In a sandy soil a small percentage of water will cause better germination than in a clay soil. While different seeds vary in their power to abstract water from soils, yet it seems that for the majority of plants, the best percentage of soil-water for germination purposes is that which is in the neighborhood of the maximum field capacity of soils for water, as explained in Chapter VII. Bogdanoff has estimated that the best amount of water in the soil for germination purposes is about twice the maximum percentage of hygroscopic water. This would not be far from the field-water capacity as described in the preceding chapter.
During the absorption of water, seeds swell considerably, in many cases from two to three times their normal size. This has the very desirable effect of crowding the seed walls against the soil particles and thus, by establishing more points of contact, enabling the seed to absorb moisture with greater facility. As seeds begin to absorb water, heat is also produced. In many cases the temperature surrounding the seeds is increased one degree on the Centigrade scale by the mere process of water absorption. This favors rapid germination. Moreover, the fertility of the soil has a direct influence upon germination. In fertile soils the germination is more rapid and more complete than in infertile soils. Especially active in favoring direct germination are the nitrates. When it is recalled that the constant cultivation and well-kept summer fallow of dry-farming develop large quantities of nitrates in the soil, it will be understood that the methods of dry-farming as already outlined accelerate germination very greatly.
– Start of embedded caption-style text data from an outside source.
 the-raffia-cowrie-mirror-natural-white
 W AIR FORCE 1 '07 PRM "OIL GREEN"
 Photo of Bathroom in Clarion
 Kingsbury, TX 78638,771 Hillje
It scareely need be said that the soil of the seed-bed should be fine, mellow, and uniform in physical texture so that the seeds can be planted evenly and in close contact with the soil particles. All the requisite conditions for germination are best met by the conditions prevailing in a well-kept summer fallowed soil.
Time to sow
In the consideration of the time to sow, the first question to be disposed of by the dry-farmer is that of fall as against spring sowing. The small grains occur as fall and spring varieties, and it is vitally important to determine which season, under dry-farm conditions, is the best for sowing.
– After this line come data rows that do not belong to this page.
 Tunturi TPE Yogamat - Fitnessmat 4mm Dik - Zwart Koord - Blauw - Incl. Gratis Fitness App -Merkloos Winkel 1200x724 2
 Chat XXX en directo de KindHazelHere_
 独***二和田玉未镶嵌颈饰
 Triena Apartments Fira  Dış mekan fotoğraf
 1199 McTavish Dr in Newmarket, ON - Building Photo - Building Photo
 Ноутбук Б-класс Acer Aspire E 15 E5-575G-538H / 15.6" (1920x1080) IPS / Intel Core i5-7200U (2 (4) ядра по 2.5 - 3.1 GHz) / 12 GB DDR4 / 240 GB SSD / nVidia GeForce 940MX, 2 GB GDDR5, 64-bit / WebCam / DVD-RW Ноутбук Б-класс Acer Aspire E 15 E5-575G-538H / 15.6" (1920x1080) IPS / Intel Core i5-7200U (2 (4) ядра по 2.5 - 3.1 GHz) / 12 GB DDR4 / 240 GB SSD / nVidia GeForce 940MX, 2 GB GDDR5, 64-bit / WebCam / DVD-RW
The advantages of fall sowing are many. As stated, successful germination is favored by the presence of an abundance of fertility, especially of nitrates, in the soil. In summer-fallowed land nitrates are always found in abundance in the fall, ready to stimulate the seed into rapid germination and the young plants into vigorous growth. During the late fall and winter months the nitrates disappear, at least in part, anti from the point of view of fertility the spring is not so desirable as the fall for germination. More important, grain sown in the fall under favorable conditions will establish a good root system which is ready for use and in action in the early spring as soon as the temperature is right and long before the farmer can go out on the ground with his implements. As a result, the crop has the use of the early spring moisture, which under the conditions of spring sowing is evaporated into the air. Where the natural precipitation is light and the amount of water stored in the soil is not large, the gain resulting from the use of the early spring moisture. often decides the question in favor of fall sowing.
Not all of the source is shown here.